One misstep during Paulson's tenure occurred when USA Today obtained the now-discredited National Guard documents about President Bush and published a front-page story the morning after CBS broadcast Dan Rather's story on the subject. While editors later said they would not have published had CBS not acted first, the Sept. 8 story cited memos "obtained by USA TODAY and also reported Wednesday on the CBS program '60 Minutes.' "
At a morning news meeting last week, Paulson complained about airport security delays, asking, "Is there any way for us to chart that?" He expressed interest in stories on how obesity affects life expectancy and how ordinary Iraqi families are faring, both of which would end up on Page 1. "We'll do a basketball billboard," Paulson said, meaning a box on the NCAA tournament would be placed above all headlines. After each editor ran through the day's stories, J. Ford Huffman, deputy managing editor for graphics, offered a list of potential charts, from death row statistics in the wake of Scott Peterson's sentencing to the sale of healthier bread.
USA Today was ridiculed as journalistic fast food after its 1982 launch, but most newspapers wound up copying its full-color, graphics-intensive approach to attracting readers. Now it's USA Today poking fun at its rivals with a "Never Gray" TV ad campaign that depicts unnamed broadsheets as so dull that their readers doze off.
With no home town to cover -- its sprawling campus, with rooftop tennis courts and landscaped ponds overlooking the Dulles Toll Road, seems to emphasize its isolation -- USA Today takes a special interest in local trend stories. "Study shows rural roads are most deadly," said one front-page piece, with a box listing five states with the highest death tolls. Another Page 1 effort on the hazards of teen driving included a 50-state chart. These are not the kind of stories that win Pulitzers -- the paper has never captured one -- but play to its core audience.
Catering to a 60 percent male readership, the paper gives sports big play, with recent front-page pieces on obese football players, NASCAR drivers lacking pensions and two best friends attending the college basketball playoffs.
Paulson, who says the front page needs "energy," reviews newsstand sales to see what sells and what doesn't. "The message is not to go soft at all," he says. Paulson stresses the importance of covering pop culture -- the paper played the Oscars at the top of Page 1 for three straight days -- and owns seven TiVo recorders to help him keep up with what's on the tube.

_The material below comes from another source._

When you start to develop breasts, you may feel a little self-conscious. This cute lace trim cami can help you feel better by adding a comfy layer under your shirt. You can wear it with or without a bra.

"We're not snobs," Paulson says, invoking one of his mantras. "If our readers care about 'Desperate Housewives' and Green Day or the new Nintendo platform, let's approach those stories with the same level of professionalism we do in covering Iraq. We don't apologize for reflecting our readers' interests."
How did The Washington Post manage to report that a Gridiron Club skit had lampooned commentator Armstrong Williams when the skit never took place?

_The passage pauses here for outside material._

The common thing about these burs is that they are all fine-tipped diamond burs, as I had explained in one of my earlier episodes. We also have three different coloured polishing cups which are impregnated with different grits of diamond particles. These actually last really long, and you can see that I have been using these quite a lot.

"It was a goofball mistake on my part," says Post reporter Neely Tucker, who corrected it after the first edition and apologized to Williams. He says journalist sources told him of the planned skit -- working reporters are barred from the annual event -- and that he only learned later that it had been dropped. (President Bush did make a joke about Williams, who took $240,000 from the administration.) Williams is miffed that a Post correction on the incident didn't mention his name for those who might have read the early-edition story.
Pay to Play?
The Wisconsin State Journal's new monthly business publication is offering advertisers a $25,000 package that includes appointment to an advisory board, guaranteeing six meetings a year with key editors. Despite the appearance, Publisher Jim Hopson denied to Madison's Capital Times that "these sponsorships buy access."
Gloria Borger, who co-hosted CNBC's now-defunct "Capital Report," is rejoining CBS News as chief political correspondent. "It just feels like going home," says Borger, who was persuaded in part by anchor Bob Schieffer, her former partner on "Face the Nation."